In The Nation, Jeet Heer wonders if Teachout was the last conservative critic of a certain stripe:

For him, conservatism signaled a commitment to tradition, to persevering and building on past achievement. It was a conservatism of memory, not of grievance and spite. This conservatism contained within it the possibilities of a political conservatism too. Tradition is all too often the banner for upholding existing hierarchies and resisting change. But for Teachout tradition could also be cosmopolitan. With his death, this strain of conservatism seems not only rare but perhaps even extinct.

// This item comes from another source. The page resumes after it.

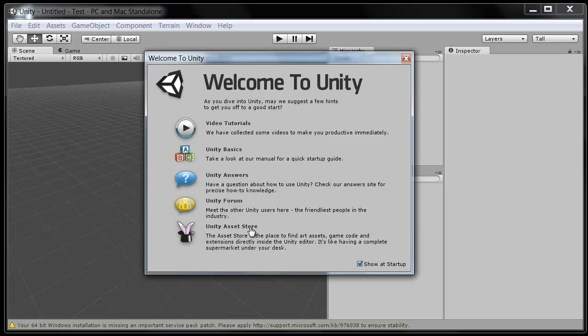And then the asset store is a neat thing in Unity. You can just go online and search for 3D models or scripts or materials, and they're all optimized and ready to go with Unity. Great to have. So you can turn off this if you don't want to see it every time you open Unity. Turn off Show at Startup. I will in my case. And then X out of this.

Humbug. Of the critics noted above, Ozick, Morson, Cantor, Ormsby, Daniels, Green and Kirsch all fit that mold. You can add political writers who have wide-ranging literary interests, like Barton Swaim, Helen Andrews, Matthew Walther, and Mark Bauerlein to that list. There are poet-critics like Dana Gioia, James Matthew Wilson, William Logan, Ryan Wilson, and A. E. Stallings, who have a high view of tradition but may or may not think of themselves as conservatives.

Heer praises Teachout for his “expansiveness” and “natural inclination was toward equanimity and collegiality,” but he also wishes Teachout would have done more political writing (despite praising his restraint earlier in the piece). What kind? The kind that is critical of conservatives, of course: “Teachout eschewed a larger reckoning with the question of how Trump took over the GOP so quickly. It would have been a major contribution for a writer of Teachout’s caliber to make an inquiry into how the right had gone haywire, but he never made the effort.”

Heer, like some on the left, seems to believe one can easily be literary and progressive, but one can only be literary and conservative in a very limited sense and with great effort. It’s an odd belief lacking in imagination.